The palace doorkeepers were on duty--dead! As he and his staff hurried through the narrow passages, they could see through dark archways women lying huddled up in each other's arms--dead! The Hall of Audience was reached at last; and there, each in his place, the courtiers had drawn their last breath. But the chief was not on the throne; that was occupied by a year-old boy-baby, the beloved heir, playing unconcernedly with the heron's plume of his dead father, who, with his sword through his heart, lay with his head at the feet of his little son. Beside him was the only other living soul in Bobbili, the oldest inhabitant of the town.
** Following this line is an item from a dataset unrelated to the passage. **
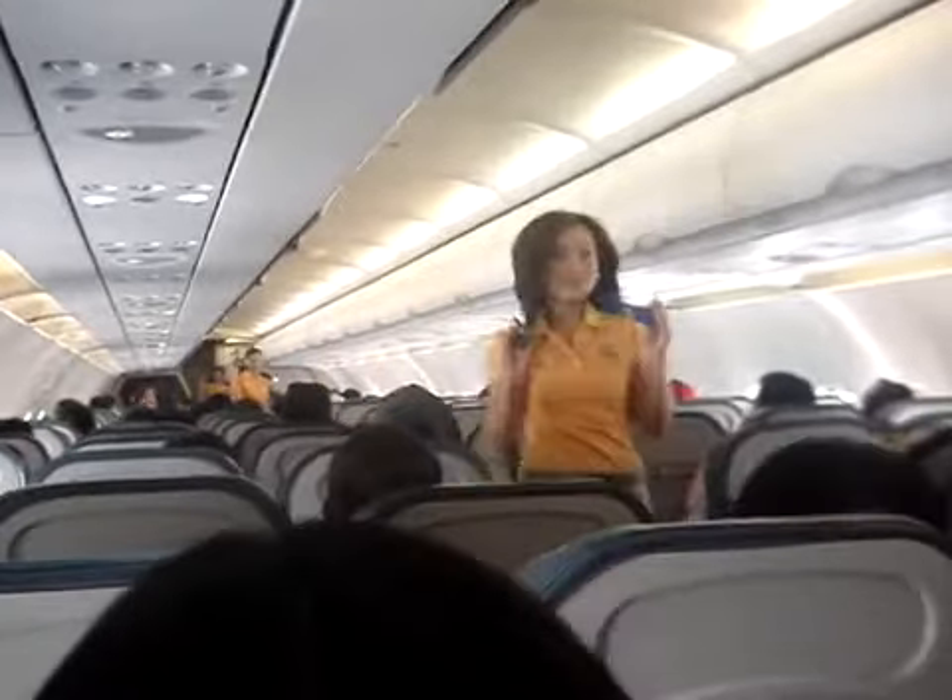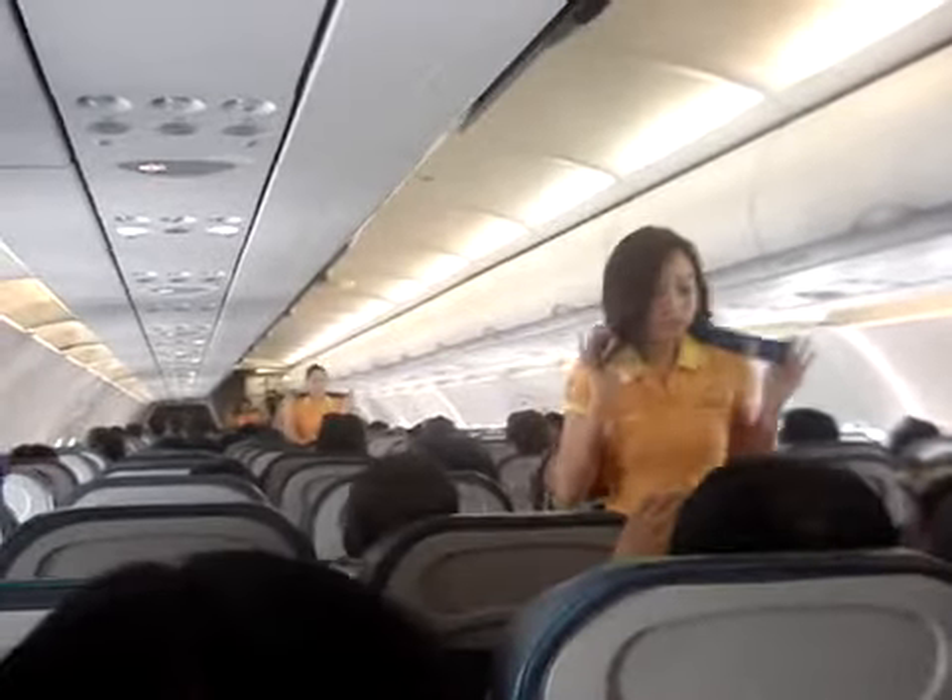Ladies and gentlemen, please direct your attention to the cabin crew who will demonstrate the safety features of this aircraft.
Youth and age! The lesson was not unlearnt by Bussy, and Bobbili remains a chieftainship to this day.

Lally, however, was of different mettle. To him, surrounded by well-born, fashionable French officers, all things Eastern were beneath contempt. What was a Brahmin that he should not do what he was told to do, even though the order involved his being yoked cart-fellow with a sweeper?

It was not conducive to anything but discipline; and discipline in India is limited, like all other things, by caste.

Small wonder, then, that, opposed to such a leader as Captain, afterwards Sir Eyre Coote (for Clive could not leave Bengal), the French fortunes gradually failed, until in 1761 all hold on India was lost by the taking of Pondicherry. Poor Lally! He had pitted himself against Orientalism, and he failed miserably. Yet, once again, he did not deserve to be dragged to execution on a dung-cart for having been "insolent to His Majesty King Louis XVth's other officers" (which was a true count), "and for treason to His Majesty himself" (which was false). Of how many reputations has not India unjustly been the grave? Truly one can echo Lally's last words: "Tell my judges that God has given me grace to pardon them: but if I were to see them again, that grace might go."

It is a wonderfully human speech. One can forgive him much for it, but one cannot forgive his judges as he did; deep down, their meanness, their lack of wide outlook, rankles.

While Eyre Coote, however, was bringing the French power to its end for ever, Clive was consolidating the British hold in Bengal; and still under the stress of utterly uncongenial coadjutors.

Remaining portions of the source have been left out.